LOS ANGELES — A U.S. Defense Advanced Research Projects Agency program to develop a small air launch system is also working on an even smaller vehicle as an “icebreaker” to learn operational lessons that can be applied to the larger system.

The Small Air Launch Vehicle to Orbit (SALVO) is a two-stage rocket being developed by San Francisco-based Ventions Inc. for DARPA as part of the Airborne Launch Assist Space Access (ALASA) program. The rocket, which uses liquid oxygen and RP-1 propellants, will launch from an F-15 aircraft and be able to place a three-unit cubesat, weighing a few kilograms, into orbit.

SALVO will demonstrate some new technologies, such as battery-powered pumps for its rocket engines. However, the ALASA program manager at DARPA said the main purpose of the program is to teach how to operate an air launch system effectively.

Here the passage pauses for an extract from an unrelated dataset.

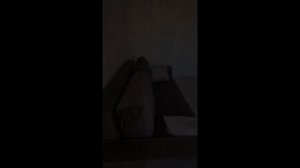 Волгоград 70-летие победы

“It’s meant to be an icebreaker,” said Mitchell Burnside Clapp in a presentation about the ALASA program at the International Space Development Conference here May 16. 

SALVO, he said, will give the team experience with range approvals and other processes. 

“It makes sure everyone is comfortable so that when ALASA itself flies it will all be familiar to the people doing the work,” Clapp said.

He said the current schedule for SALVO calls for integrated tests of the rocket in August, followed by captive carry flights, where the rocket is flown on the F-15 but not released, in November. The first of up to three SALVO launches is planned for the spring of 2015, about six to nine months before the first ALASA launch.

The ALASA rocket itself is being built by Boeing Defense, Space & Security of Huntington Beach, California, under a $30.6 million contract awarded in March. The rocket features an unconventional design with four engines mounted just below the payload fairing that serve as both the first and second stages of the rocket. Propellant tanks mounted below the engines are dropped away during the rocket’s ascent to orbit.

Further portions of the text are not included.